For reasons you'll learn in a second, the color gradient in IPC Flamegraphs is not very informative. You can really only tell one thing: does the function have an IPC < 1 (red) or not (blue). The color gradient is relative, so may mean totally different things from one graph to the next, and the percentages don't help indicate the IPC either. I will explain.

What the Metrics in Differential Flame Graphs Really Mean

I've optimized pixelLogLikelihood and now it takes 36.7% fewer cycles than before. Great! But when I look at my Differential Flamegraph it reports -11.59%, dramatically different. The calculation isn't documented so what the #*%@ is going on?

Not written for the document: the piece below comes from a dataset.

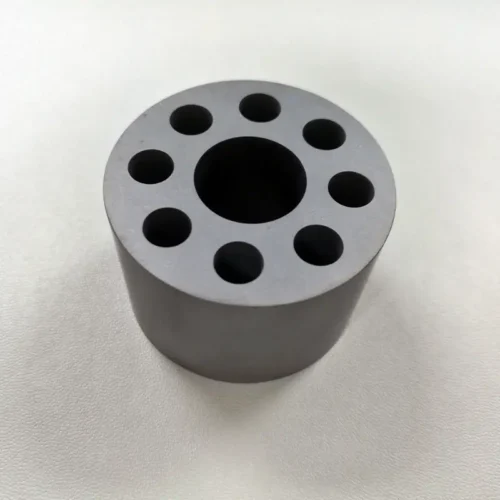 Silicon Carbide Ceramic Porous Bushings — reference component view 1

So, Differential Flamegraphs show 2 percentages on hover (click any Flamegraph in this post and start hovering) 1. the percent of resource used by the function and 2. before-after percent global difference. That second one is not documented anywhere but the formula is:

(after_fn_usage - before_fn_usage) / (after_total_usage * scale_factor)

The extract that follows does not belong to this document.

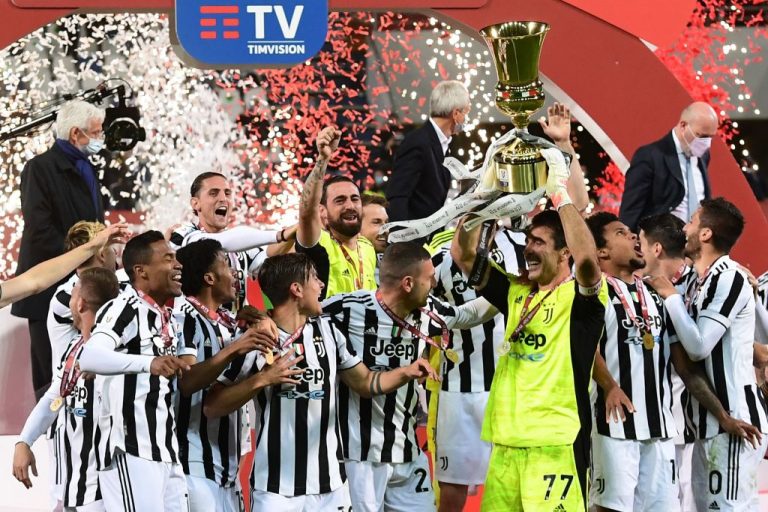 Forza Juve ! Une quatorzième Coupe d&rsquo;Italie rejoint la salle des trophées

I've never seen scale_factor anything other than 1, so you can safely assume it is 1.

Differential Flamegraph wants to tell you the difference before and after, but wants to give you a "big picture" view, so it outputs difference metrics that are scaled against total resources used. So what if pixelLogLikelihood is 36.7% faster, if that only represents 11.6% of all resources used. Go find a different function that can cut global resources by more!

Once Differential Flamegraph has difference values, it generates a color gradient for the cells. 0 (no difference) is pegged white. max(diff) is red and min(diff) is blue.

Some implications:

The raw difference in number of cycles is nowhere on the graph.
The raw difference in number of cycles is hard to calculate (must multiply by number of cycles, can't do in head).
In common usage, percent difference is usually divide by before_total not after_total. This means for a binary that went from 200 to 100 cycles -- which most would call a decrease of 50% -- Flamegraph will call it -100%. You would probably want to speak of this value as "100% faster."
The color gradient does not reference absolute values and cannot be compared directly across Flamegraphs.

Differential Flamegraph can also normalize the two distributions with the -n option (before distribution is scaled linearly to match after). This is handy, and intended for in-situ measurements where load may change between measurements. Some gotchas though:

Constant work can get skewed. Say before is scaled larger because the after measurement had higher load. Now it appears the constant work decreased in runtime when really, that constant work was, well, constant.
You have a binary, it takes 100 cycles, you modify it, all functions take 2x cycles as before. Normalized, the two appear identical.

Ultimately, normalization is complicated and linear scaling is going to have some issues.

So go forth, use Differential Flamegraphs. Avoid the normalize option unless you are measuring server performance that changes in load. Understand that the percentages are really a globally-scaled diff. Don't look for raw differences (not available). Don't compare colors across graphs.